Un très bel hymne. Le beatbox est efficace et la mélodie émouvante. Un brin caricatural quand on connaît les autres titres du genre dans sa carrière, mais ça fonctionne très bien. On est facilement emporté.

The Lost Children

Quel joli morceau ! Un Michael comme on l’admire, désarmant de sincérité. Un titre qui fait rêver. Les chœurs d’enfants donnent des frissons. Michael est dans son élément. Il chante ce qu’il aime. On aurait envie de vivre avec lui à Neverland.

Whatever Happens

Chef-d’œuvre ! Les sifflements et la guitare, dans un style bluesy, annoncent la couleur, avec un suspens haletant. Puis le choc, le retentissement vocal. Rythmique feutré. Percutions chaude. Michael lutte et souffre pour sortir les notes, mais ça accentue le côté  « dépassé par les événements ». Il rage. Sa voix est tour à tour caressante et implorante. On sent, derrière chaque inflexion, l’urgence de sauver quelque chose. Le tout est un mélange de douceur et d’adrénaline.

Threatened

Plutôt clubbin’. Mid tempo bien arrangé et assez efficace. En revanche, le refrain ne résiste pas aux répétitions.
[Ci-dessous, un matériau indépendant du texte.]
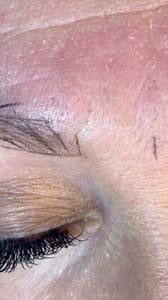 Eyeliner Tattoo result by BrowArt Permanent Makeup in Billings, MT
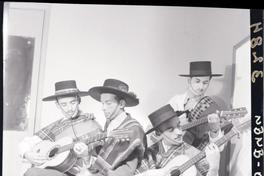 [Grupo folklórico chileno]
Au final, un très bon album soul/R&B/pop dans l’absolu, mais qui manque d’implication (si la plupart des titres sont coécrits par le roi de la pop, seule The Lost Children et Speechless sont purement de son fait). À réécouter toutefois avec plaisir. À découvrir. Invincible mêle prouesse technologique et émotion pure. L’artiste y questionne son époque tout en rappelant, de plusieurs souffles, que la pop reste un art du cœur. Un Michael Jackson, même décevant comparé à ses anciens disques cultes, reste toujours mieux que ce qu’on peut entendre dans la production FM actuelle. Un des derniers géants, avec Stevie Wonder.